Image-caption web data:
^^^^^^^^

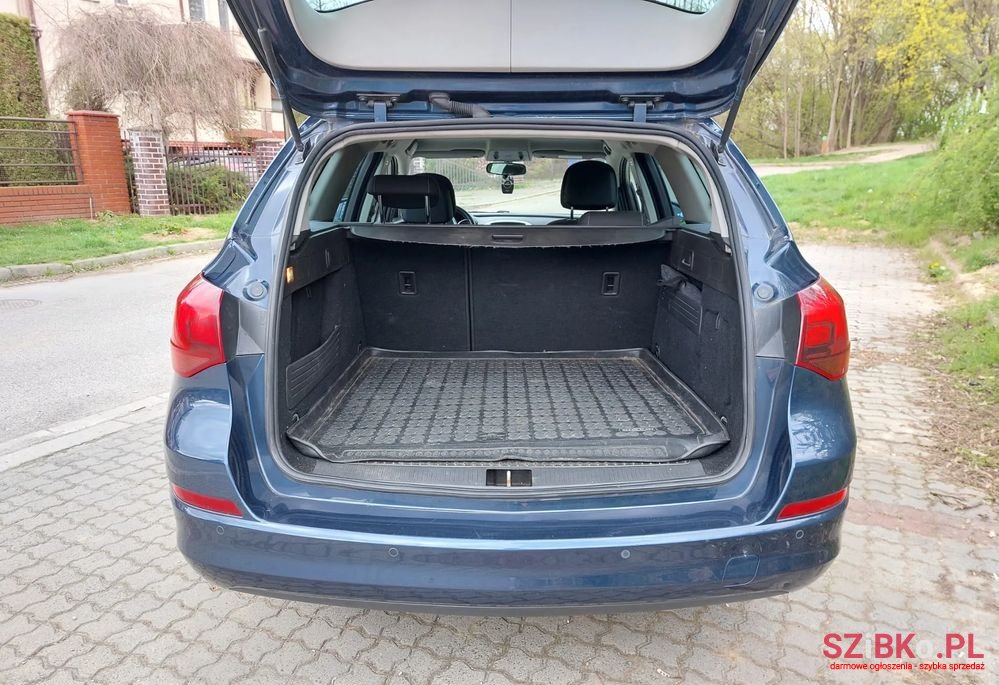 2012' Opel Astra Iv 1.7 Cdti Cosmo photo #1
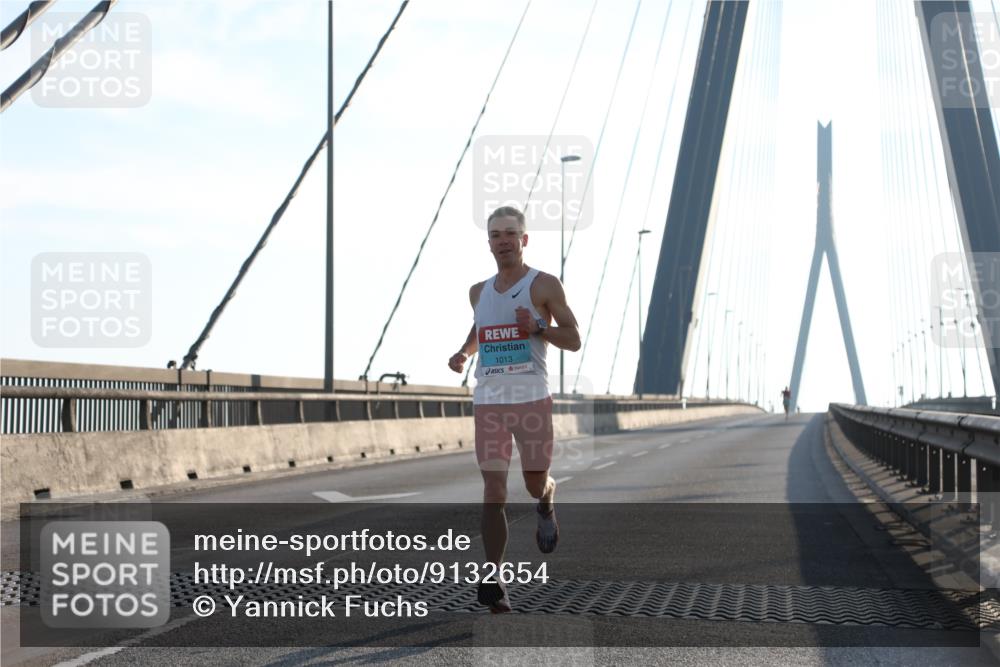 03.10.2025 - Köhlbrandbrückenlauf Yannick Fuchs http://msf.ph/oto/9132654 03.10.2025 08:18:18 Position 1 1013 meine-sportfotos.de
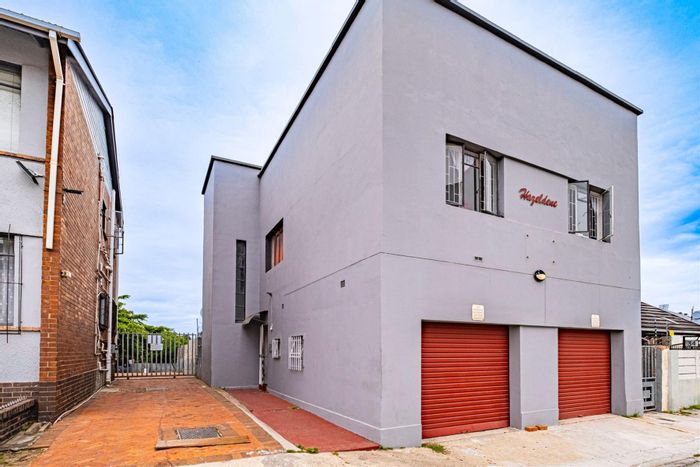 For Sale: House in Gqeberha Central, 23 student beds, accredited, prime location.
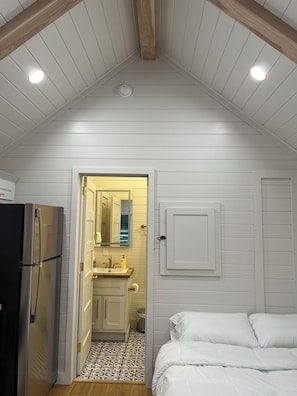 1 bedroom, free WiFi, bed sheets - Luxury Tiny Home in the Country - 20 min to Downtown Auburn! (Auburn)
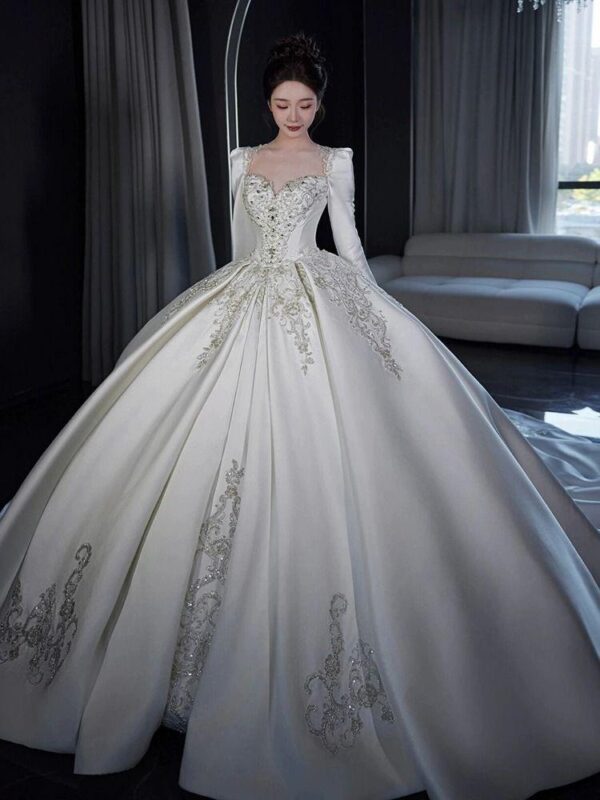 Muslim Wedding Gown - Image 3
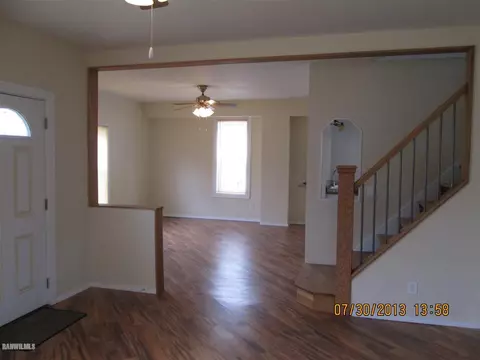 815 Shawnee, Freeport, IL 61032 photo 4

^^^^^^^^

_Instructions for the task_
Repeat every line above exactly, but omit all images.

_Exercise result_
 2012' Opel Astra Iv 1.7 Cdti Cosmo photo #1
 03.10.2025 - Köhlbrandbrückenlauf Yannick Fuchs http://msf.ph/oto/9132654 03.10.2025 08:18:18 Position 1 1013 meine-sportfotos.de
 For Sale: House in Gqeberha Central, 23 student beds, accredited, prime location.
 1 bedroom, free WiFi, bed sheets - Luxury Tiny Home in the Country - 20 min to Downtown Auburn! (Auburn)
 Muslim Wedding Gown - Image 3
 815 Shawnee, Freeport, IL 61032 photo 4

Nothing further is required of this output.